Materials provided:
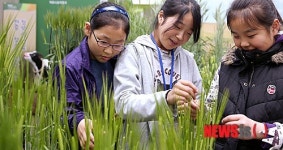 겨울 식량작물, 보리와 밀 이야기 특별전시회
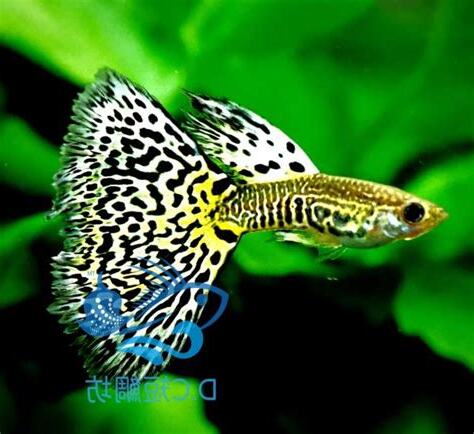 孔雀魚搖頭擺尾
* * *
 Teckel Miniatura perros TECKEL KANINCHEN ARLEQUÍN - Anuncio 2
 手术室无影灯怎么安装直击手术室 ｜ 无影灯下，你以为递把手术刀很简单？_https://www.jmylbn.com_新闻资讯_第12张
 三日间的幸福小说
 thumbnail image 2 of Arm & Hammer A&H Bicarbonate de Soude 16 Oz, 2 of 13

Problem to work on:
From the entries above, print the lines beginning at the one with "Teckel Miniatura perros" and stopping after the one with "thumbnail image 2", exactly as written and with nothing else.

Reply:
 Teckel Miniatura perros TECKEL KANINCHEN ARLEQUÍN - Anuncio 2
 手术室无影灯怎么安装直击手术室 ｜ 无影灯下，你以为递把手术刀很简单？_https://www.jmylbn.com_新闻资讯_第12张
 三日间的幸福小说
 thumbnail image 2 of Arm & Hammer A&H Bicarbonate de Soude 16 Oz, 2 of 13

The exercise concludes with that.